In the end we seem to have gone for a 4-city Liberty CB push which is a fine strategy, but completely unexpected after a discussion about how we wanted to plant like 10 expos. Perhaps it was better to call off any further expansion and just focus on killing things and getting a sub-100 NC, but to me it seemed like the overall mood in the thread was to plant more cities even if the in-game actions suggested otherwise.
Yeah, something like that
Aggressive being a relative term here and the city locations do matter the Uluru city being a prime example - it doesn't need a Worker or unit(s) for dozens of turns to perform its main function. Sure it'll be a crappy one for ages but it still (sort of) works. The frontline cities on the other hand need to be defended or at least be able to defend if needed.

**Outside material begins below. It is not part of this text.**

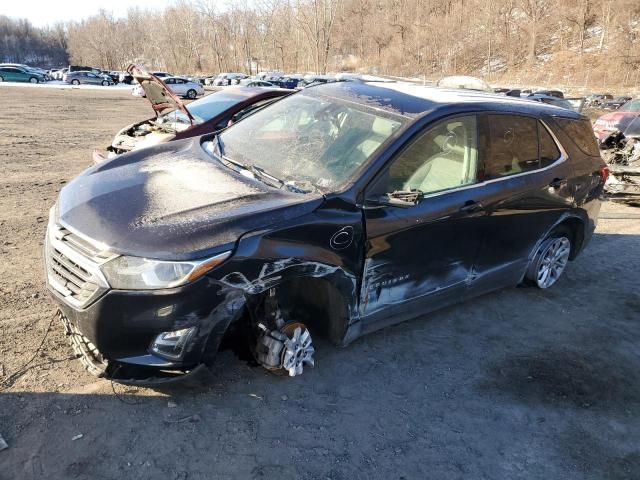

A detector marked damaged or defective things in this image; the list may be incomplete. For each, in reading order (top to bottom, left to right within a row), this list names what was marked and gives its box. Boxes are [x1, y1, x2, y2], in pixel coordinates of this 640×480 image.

I don't mind the change of plan from ~10 city wide start to 4C CB rush but I'm more used to doing that with some units as without them it seems unnecessarily hard though interesting to a degree. The Pacal's DoW was a wonderful surprise but I really would've liked to have some units to defend with and not having to go into full panic mode every citiy building units in the end.

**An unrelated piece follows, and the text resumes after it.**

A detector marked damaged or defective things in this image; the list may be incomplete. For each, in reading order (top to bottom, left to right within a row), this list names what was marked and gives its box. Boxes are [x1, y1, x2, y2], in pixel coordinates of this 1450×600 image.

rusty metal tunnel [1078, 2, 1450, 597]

(As a side note, I think that even if bribing isn't an exploit per se, it makes the game much easier, more so than any other game mechanic mentioned in the ruleset, save for maybe the white peace bug. I don't like such get out of jail free cards, but I concede they might be necessary for SGs go to smoothly, or just in general for Deity to be less tedious to play. What I liked about the original no bees and no gold from AIs rules is that there was a very real chance to lose or at least be heavily punished for mistakes, like in the Rome game)
I've never seen it as an exploit in general but as half-heartedly implemented mechanic. It isn't always easy to bribe anyone to attack anything & it might get pricy which is fine but giving Attila or Shaka a free meal & a t-shirt to DoW the rest of the world is moronic.
The no ban is interesting oneand it generally makes the game easier no doubt but that it's highly dependable on one's actions & starting location. While it makes Dom probably (much) harder it may not have any effect on Sci.
The Purist's way is surely harder in any respect but that also affects warmongering way more than peaceful play. This might heavily change depending on one's view about pillage & repair.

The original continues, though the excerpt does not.